Чуйкову был задан вопрос, как он понимает свою задачу, и он ответил: «Мы не можем сдать город врагу, потому что он чрезвычайно значим для нас, советских людей. Его потеря подорвет национальный дух. Все возможные меры будут предприняты, чтобы предотвратить падение города».

Чуйков заканчивает пророческими словами: «Я клянусь стоять насмерть. Мы защитим город или погибнем, защищая его».

Так выглядело описание этого разговора в мемуарах Чуйкова, написанных в хрущевскую эпоху. Однако во время битвы за Сталинград он с большей прямотой описывал происшедшее журналисту Василию Гроссману: «Еременко и Хрущев сказали мне:

– Ты должен спасти Сталинград. Что думаешь об этом?

– Так точно.

– Нет, здесь мало следовать приказу. Что думаешь на самом деле?

– Это означает погибнуть, и мы погибнем».

Гамлет Даллакян, служивший в штабе Еременко и Хрущева в то время, отзывается о назначении Чуйкова следующим образом: «В сравнении с Колпакчи и Лопатиным он был гораздо более сильным человеком, с гораздо более сильной волей.

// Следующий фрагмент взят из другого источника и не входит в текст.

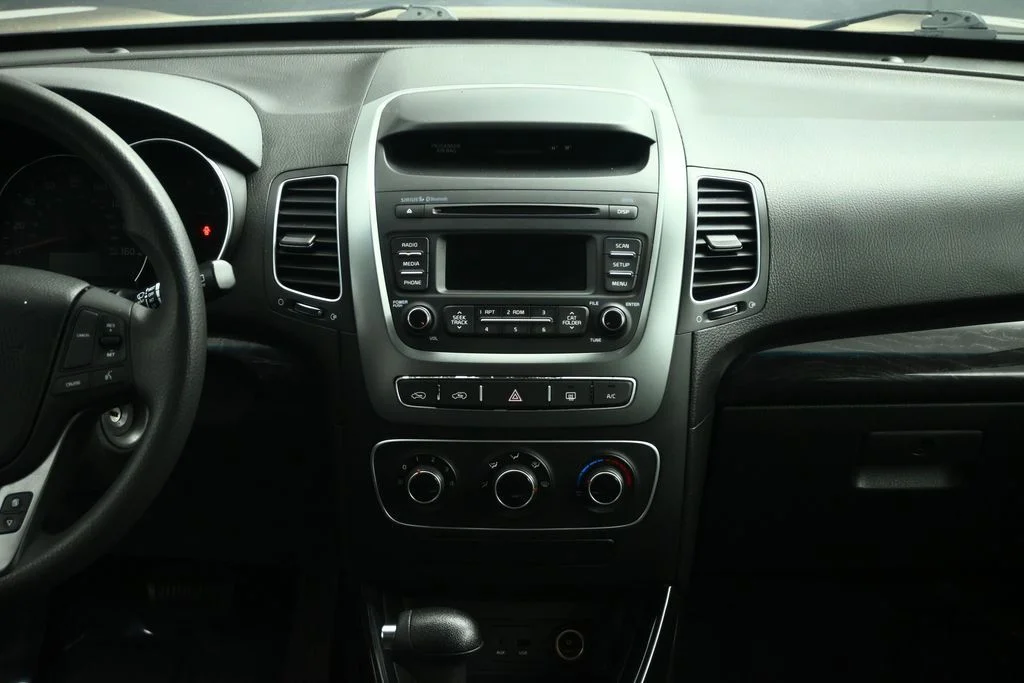 Used 2015 Red Kia LX image 37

Мы все почувствовали, что Чуйков остановит наше отступление, даже если для этого ему самому придется упереться спиной в Волгу».

Ставшие доступными недавно документальные свидетельства показывают, что репрессивные меры приказа «Ни шагу назад!» были применены по отношению к предшественнику Чуйкова Лопатину. 6 сентября 1942 года Лопатин был смещен со своего поста «за невыполнение приказа номер 227, за несанкционированный отвод частей 23-го танкового корпуса с линии обороны» и, что было самым страшным в формулировке, «ложь Верховному командованию». Его случай был отослан на рассмотрение Верховному командованию Красной Армии, Лопатин был арестован и попал под военный трибунал. Его дальнейшая судьба неясна, но, возможно, в конечном счете он был расстрелян. Чуйков встречался с ним через два дня после вступления в командование армией (14 сентября) и описывает «беспомощность, которую он [Лопатин] чувствовал, его ощущение невозможности и бесцельности боев за город», добавляя: «Его угнетенное состояние, несомненно, передавалось его подчиненным».

Одно удивляет – почему произошла эта встреча? Можно предположить, что это было предупреждением для Чуйкова о том, что, если он оставит Сталинград, его будет ждать судьба предшественника. Лопатин не смог до конца взять в свои руки 62-ю армию, и тем не менее в немалой степени он был сделан козлом отпущения за ошибки других в ситуации, которая многим казалась безнадежной. Вскоре после вступления в командование, в начале августа 1942 года, Лопатин попытался предотвратить военную катастрофу и отвести свои войска с западного берега Дона, чтобы спасти их от угрозы немецкого окружения.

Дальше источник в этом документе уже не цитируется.